In the run up to Hawthorne Heights‘ b-sides collection, ‘Lost Frequencies’, both My Chemical Romance reunited and Creeper returned to the forefront; all reminding us that emo culture is far from dead.
‘Lost Frequencies’ follows 2018’s full-length release of a similar title from the Ohio-native outfit, ‘Bad Frequencies’, and consists of tracks unreleased in its gnarly predecessor, along with some of them being reimagined altogether.
‘Hard To Breathe’ poses a warm, punky welcome to the release that reeks of pop-punk traits, both legendary and overplayed. The slightly distorted guitars of JT Woodruff and Mark McMillon, coupled with Chris Popadak‘s stomping drums, muffle together in a breezy haze that is both generically comforting and tiresome. Granted, ‘Hard To Breathe’ is boppy and peaks in all the right places, but it sets this album up to be a little same-y.
The introduction to ‘Pink Hearts’ introduces a new tone to the effort that once appeared to refrain from experimentation, trickling Owl City-esque synth notes and electronic beats behind the slow words of Woodruff. This track throws up a misty sea spray that coaxes us into believing that this album is more diverse than it actually proves to be.
‘No Surrender’ follows, pummelling back into the pop-punk territory that’s bordering on boring by the second half of this effort. Hawthorne Heights appear to rely too heavily on electric hooks at this point, proving that this album would have probably been received better in the earlier years of this century. They are trying to pump a new lease of life into a stagnating genre.
There are elements of this release that are somewhat charming, as ‘Pet Sematary’ is more of a concept piece than a band trying way too hard to ignite sweaty crowds. The spooky, crunchy elements of the song and Matt Ridenour‘s bass are, however, sadly its only strengths. The verses are monotonous and carry the same spoken tone as the likes of early Blink-182, who were big in the early 2000s for a reason – their evolution – but the same cannot necessarily be said for this quartet.

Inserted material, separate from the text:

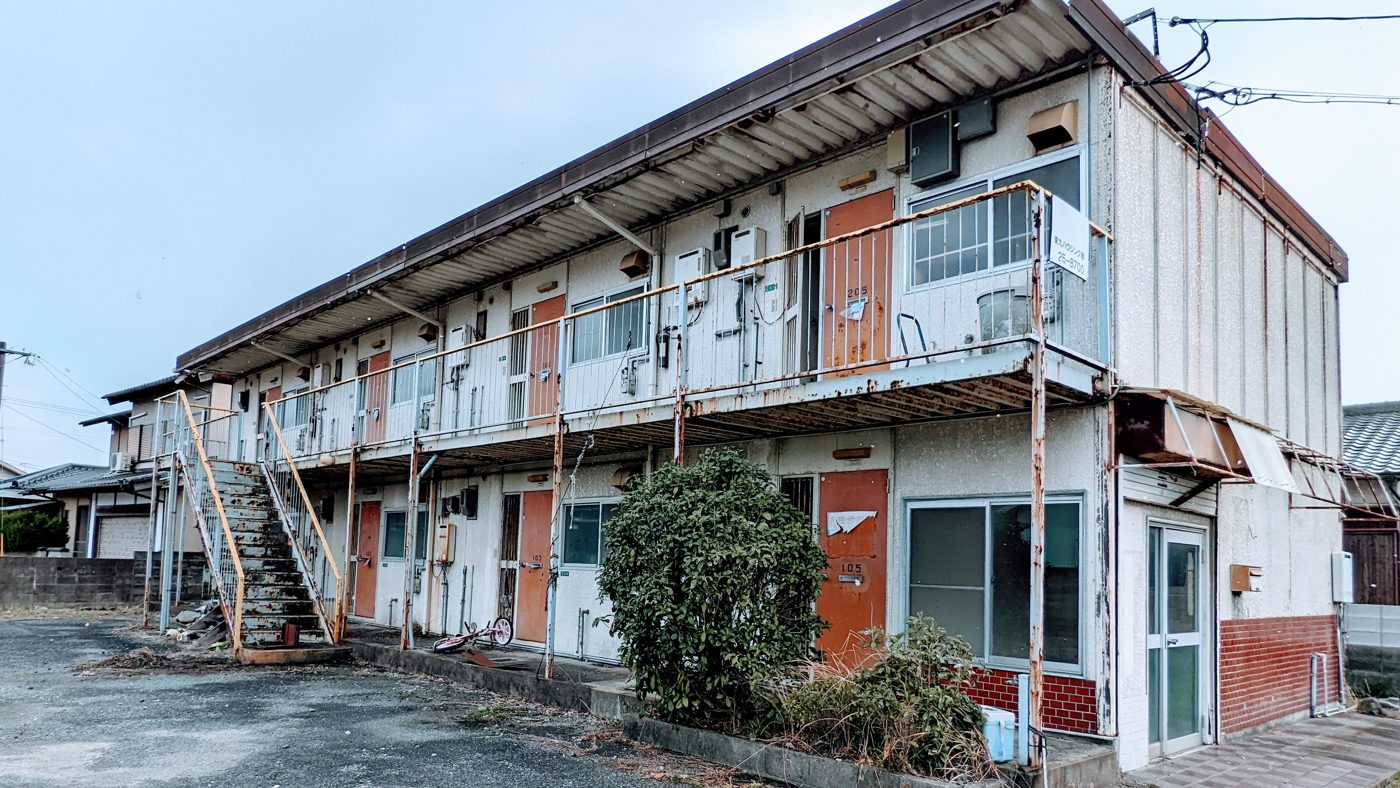 外階段が2か所ある長い木造2階建てアパート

The album’s conclusion sadly continues to do nothing to excite. ‘Butterflies’ simmers down to create a sense of reflection, but instead falls somewhat flat and has a dull conveyance.
Hawthorne Heights may have a multitude of chart accomplishments under their belts, but this release poses the question of whether ‘Bad Frequencies’ would’ve been more greatly appreciated if left alone.